• ABOUT THIS TASK: Every picture stays out; everything else in the listing below is to be returned exactly.

• INFORMATION SUPPLIED:
────────────────────────────────────────
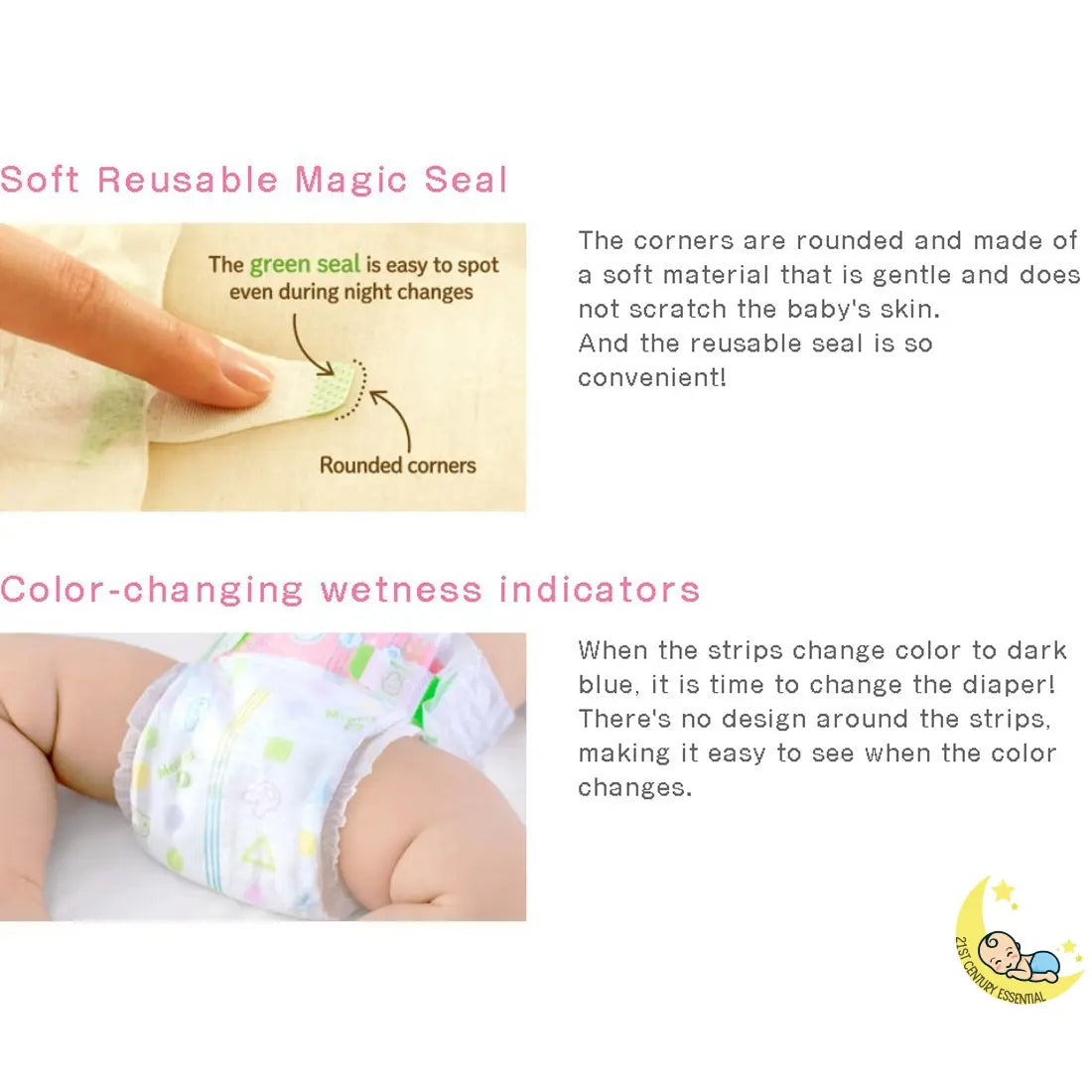 Biggest Size Pull-Ups Merries Pants Type XXL (33-62 lbs), 28 Counts - Image 7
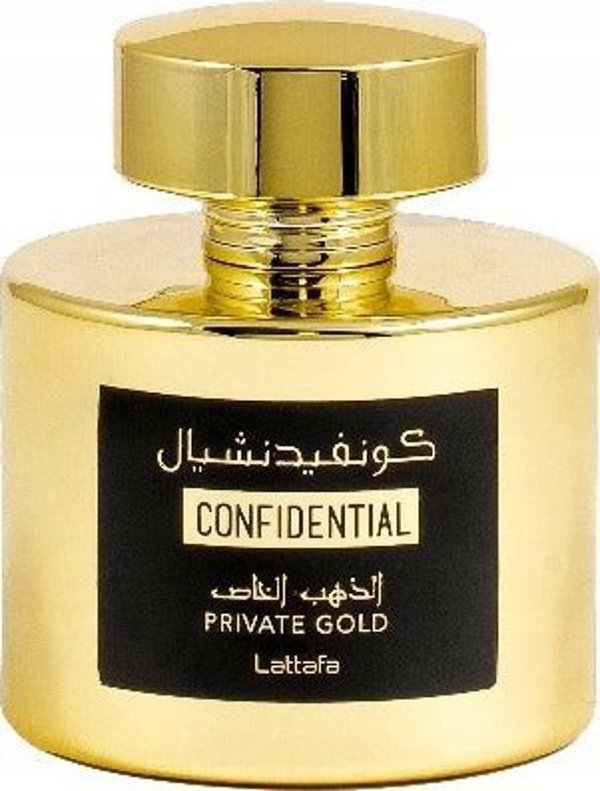 Lattafa Lattafa Confidential Private Gold EDP parfumuotas vanduo Unisex, 100 ml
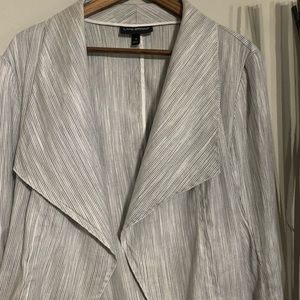 Lane Bryant Linen Blazer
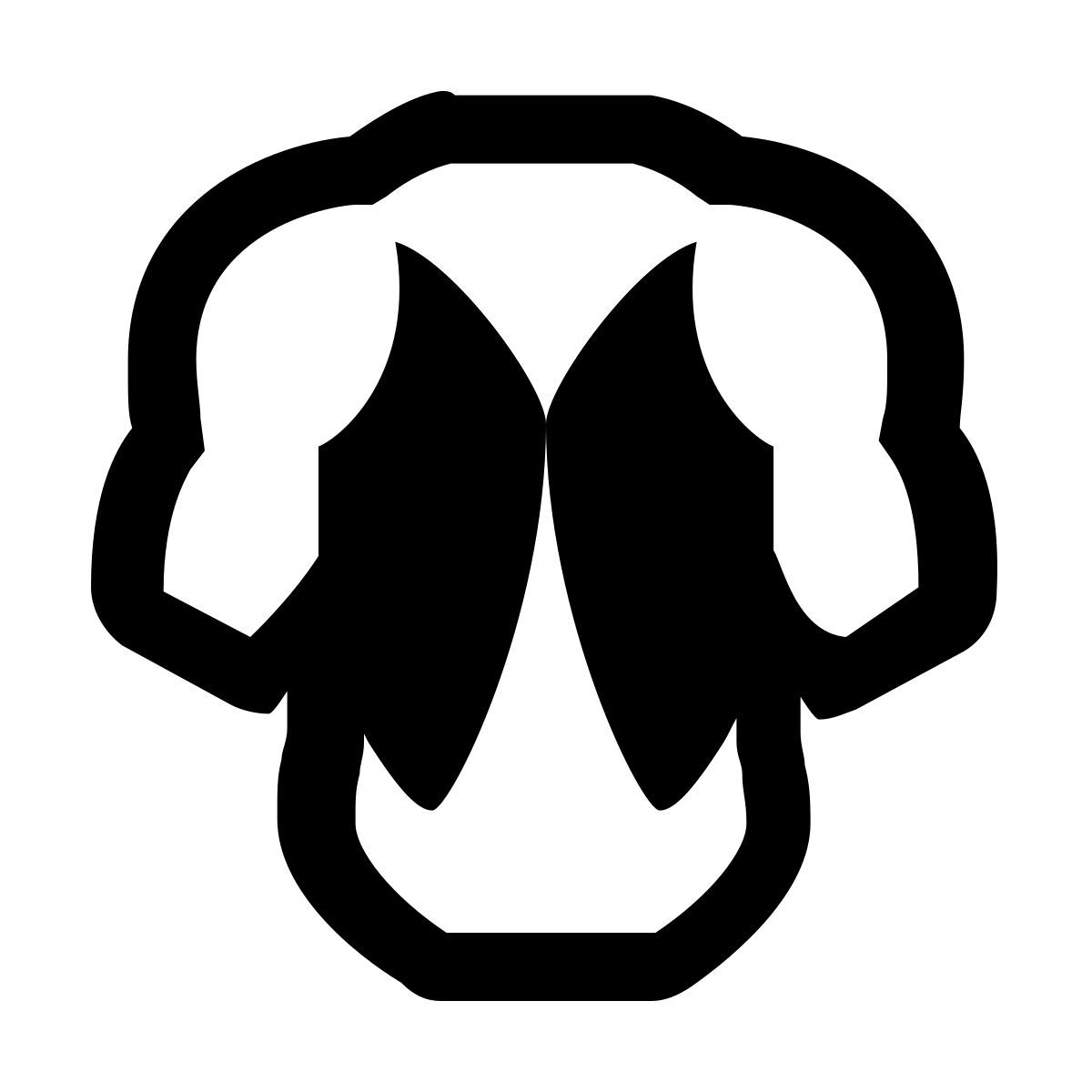 material filled style músculos das costas icon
────────────────────────────────────────
• THE ANSWER:
 Biggest Size Pull-Ups Merries Pants Type XXL (33-62 lbs), 28 Counts - Image 7
 Lattafa Lattafa Confidential Private Gold EDP parfumuotas vanduo Unisex, 100 ml
 Lane Bryant Linen Blazer
 material filled style músculos das costas icon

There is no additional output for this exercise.